The task:
Give again, word for word, the lines below that run from the line with "Καμπ Νου (vid)" through the line with "Used Land Rover". Drop the pictures.

Recorded information:
────────────────────

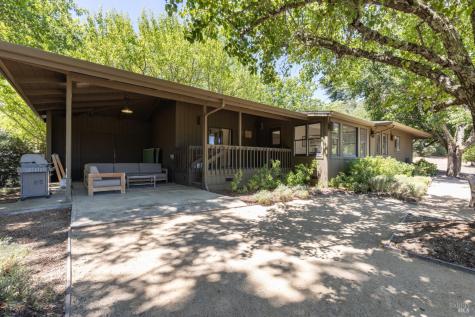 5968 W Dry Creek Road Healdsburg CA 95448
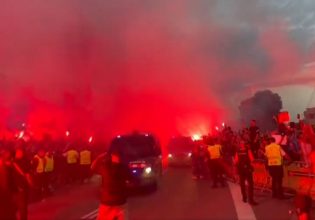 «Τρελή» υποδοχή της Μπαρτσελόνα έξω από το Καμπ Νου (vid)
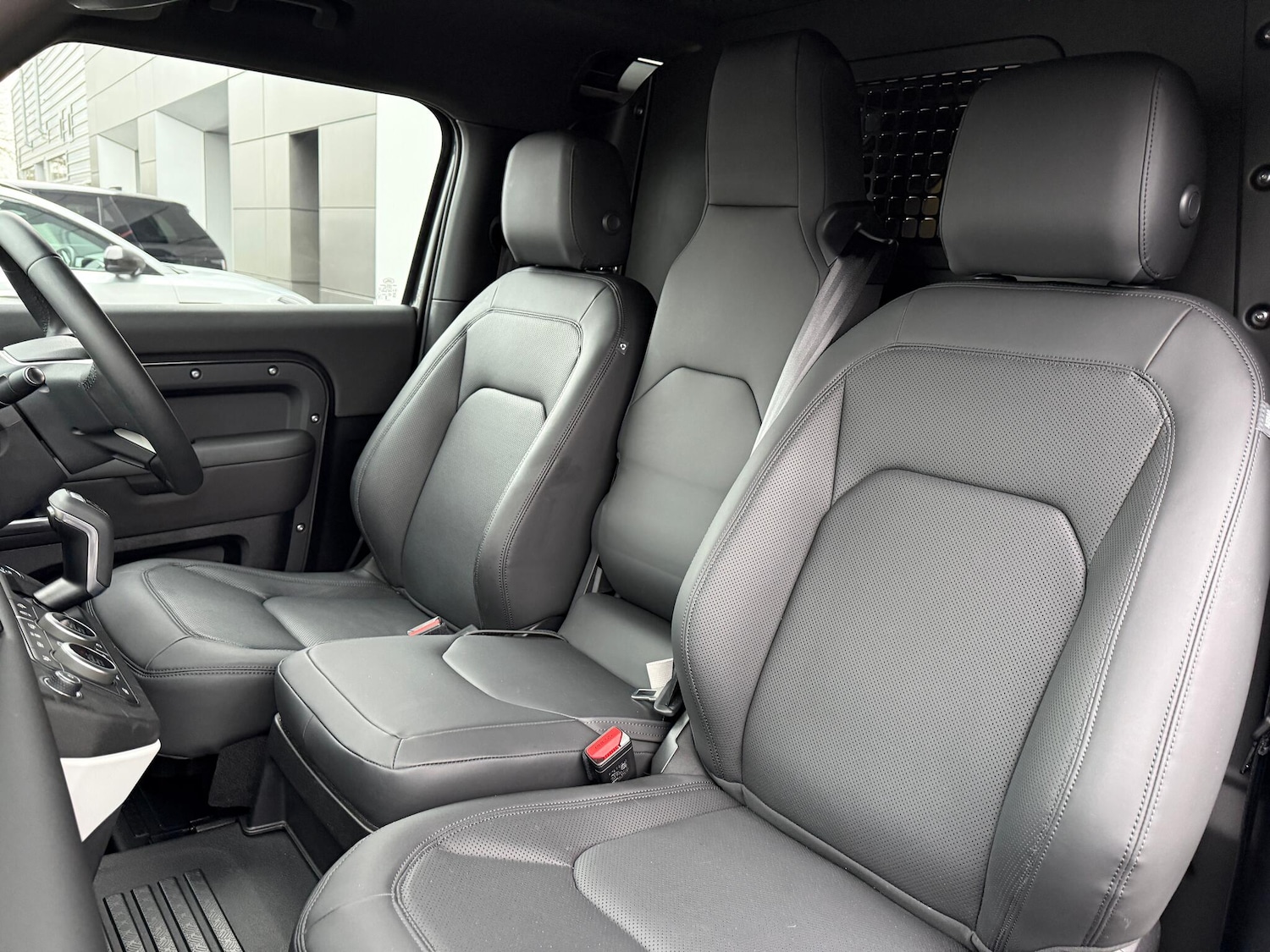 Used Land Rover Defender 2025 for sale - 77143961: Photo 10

────────────────────

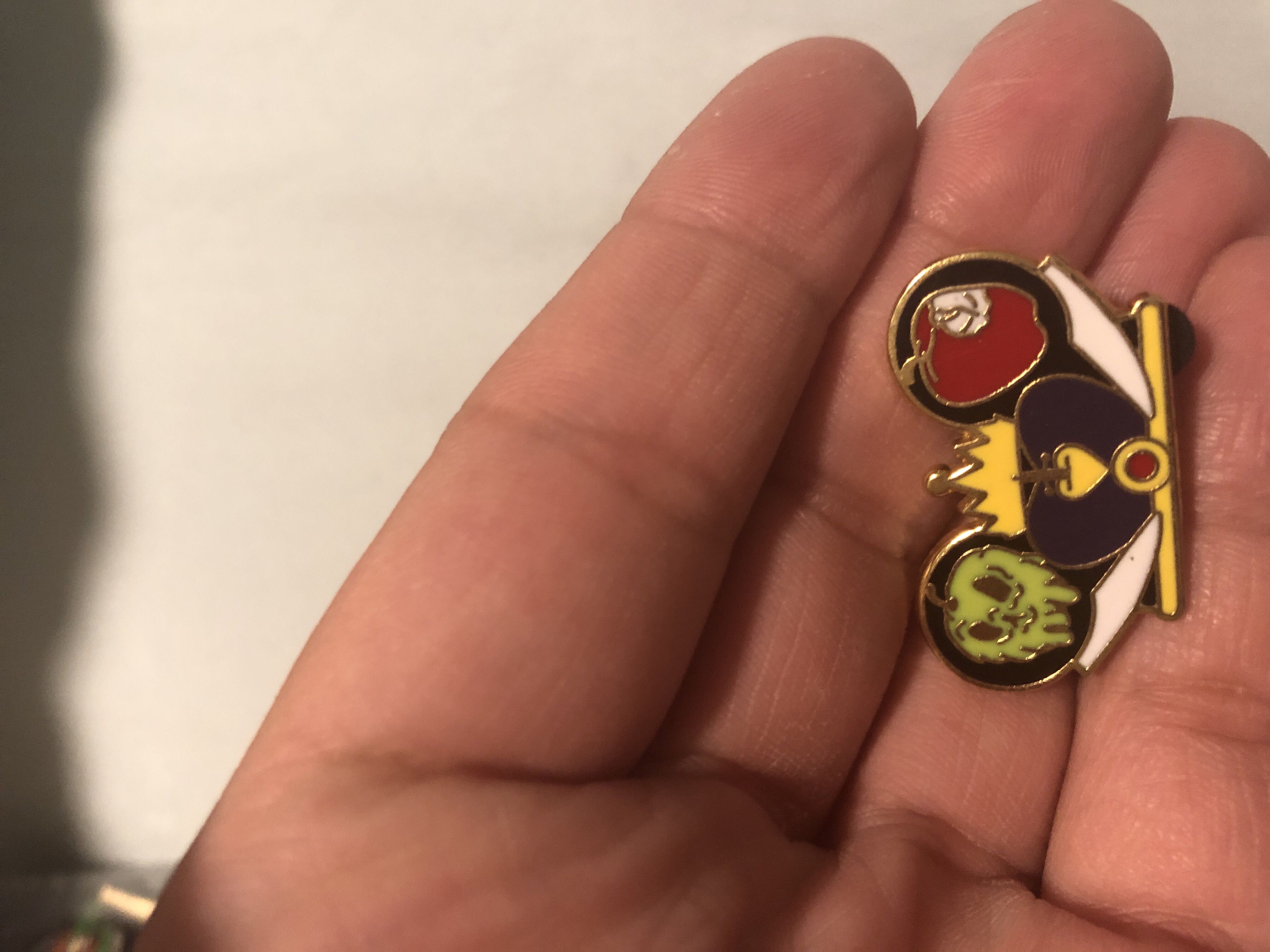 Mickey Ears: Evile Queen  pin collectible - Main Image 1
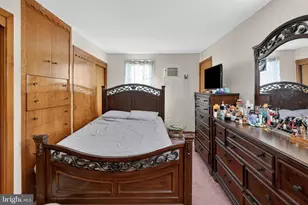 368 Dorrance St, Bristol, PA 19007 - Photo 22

────────────────────

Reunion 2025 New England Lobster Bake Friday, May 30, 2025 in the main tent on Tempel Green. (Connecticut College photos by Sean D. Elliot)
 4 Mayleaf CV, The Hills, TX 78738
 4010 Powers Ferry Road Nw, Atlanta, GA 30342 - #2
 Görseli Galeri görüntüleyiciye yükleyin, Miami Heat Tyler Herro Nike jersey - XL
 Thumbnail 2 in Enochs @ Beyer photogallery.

────────────────────

Expected answer:
 «Τρελή» υποδοχή της Μπαρτσελόνα έξω από το Καμπ Νου (vid)
 Used Land Rover Defender 2025 for sale - 77143961: Photo 10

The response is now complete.